DUBAI.- In When the Ground Was, Sarah Almehairi takes us along for a walk.
Upon entering the space, viewers are met with visual pathfinders laid out by Almehairi to trace walks taken by her, revisiting trails she frequented and pockets of temporary remarkableness she observed. The exhibition title suggests a timeline, but it isnt clear if the works are meant to present a chronicle or an invitation. It does, though, gently suggest maneuvering between the physical act of motion and the abstract provocation of finding intimacy in the everyday.
The collective body of work ranges across floor sculptures, made of concrete, and works on paper and canvas installed at varying heights. Sometimes architectural, other times cartographic, together they toy with the notion of scale and perception.
Shapes are like thoughts
Thoughts are like shapes
Four series, (2. Shapes Are Like Thoughts, 4. No Day Without a Line, 6. Adjustments of the Daily, and 7. Momentary Palettes) each beginning with a poetic text, followed by painted, collaged, and embossed works-on-paper, contain visual accounts of different environments. In one series, Almehairi puts together a color log from each walk, representing encounters with light and material through, what she calls, momentary palettes. Nine gouache-on-paper works, with three richly pigmented rectangles on each, represent shades that stood out in different strolls and helped create the visual symphony for that day.
One work has shades of bubble gum pink, blood red, and rust brown.
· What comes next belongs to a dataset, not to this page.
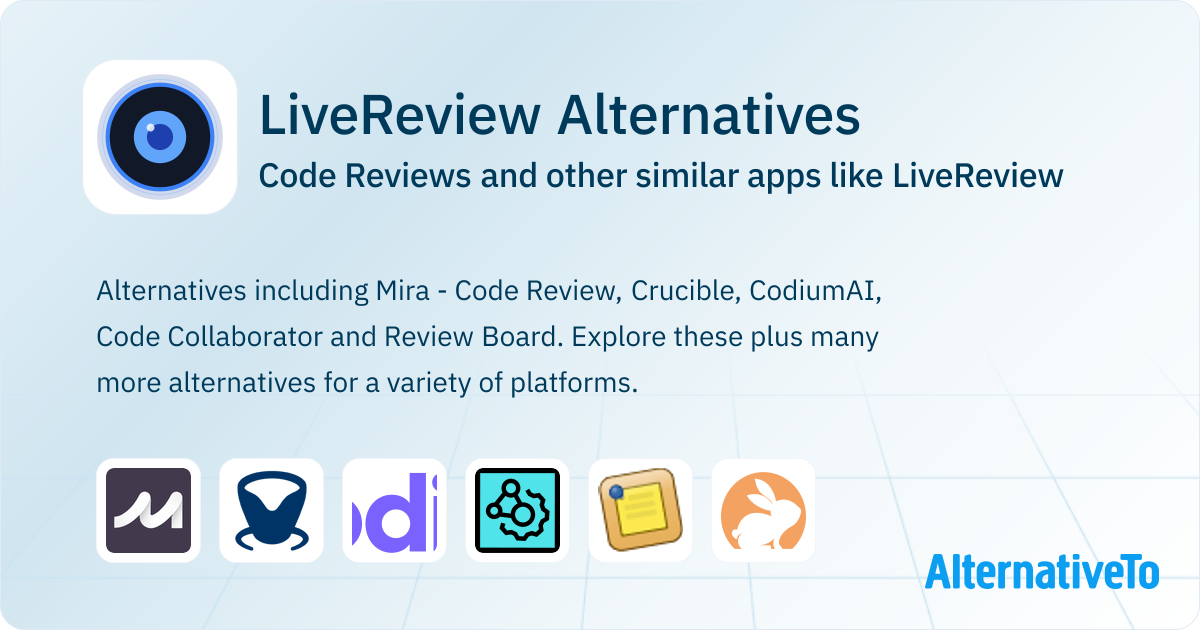 LiveReview Alternatives: Top 16 Code Reviews & Similar Apps | AlternativeTo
At first, these remind one of roses and brickwork, but closer inspection reveals delicately scribbled words next to the colors in which the artist has woven a poem out of the detritus of urban living:
Plastic Wrapper, Confetti, A Sickly Shade
Each is a portal to another story, phantasms left behind by other individuals, here today, gone tomorrow, altering the same patch again and again, forever.
Sculptural forms on the ground mimic the color of the floor as they recreate random shapes of missing bricks, irregular grass patches, and other formations mapping the architecture of walks taken elsewhere. Grouped in squares and multi-sided polygons, the masses of forms nudge visitors to walk certain paths around them or pause and observe color anomalies that are echoed in some of the works on the wall. For the artist, this sensitizes the viewer to their own step and prompts the need to look down.
These works are punctuated by large paintings that lend their title to the exhibition: When the Ground Was. Rendered in terrazzo-like abstract documentation, the artist depicts mundane surfaces, and the marks upon them, imagining manifold possibilities of worlds within worlds. Lines, shadows, patterns, grid breaks, broken shapes familiarity and curiosity mix with play and contemplation. All of these are conjured from the simple but profound act of looking down.
A scientifically recognized condition, Pareidolia is the tendency to perceive a specific, often meaningful image in a random or ambiguous visual pattern (Merriam-Webster). Almehairi seems to arm herself with this tool to embark on a walk that traverses multiple realms and find meaning where others might not; a perception hinted in the titles of the works:
When the ground was
a jumbled word;
a changing season;
a celebration.
As she annotates the ground underneath, Almehairi demonstrates that no path is the same, however many times it may be trodden not in stride or pace, nor mood or encounter. The walk is a new poem, written across the land each time.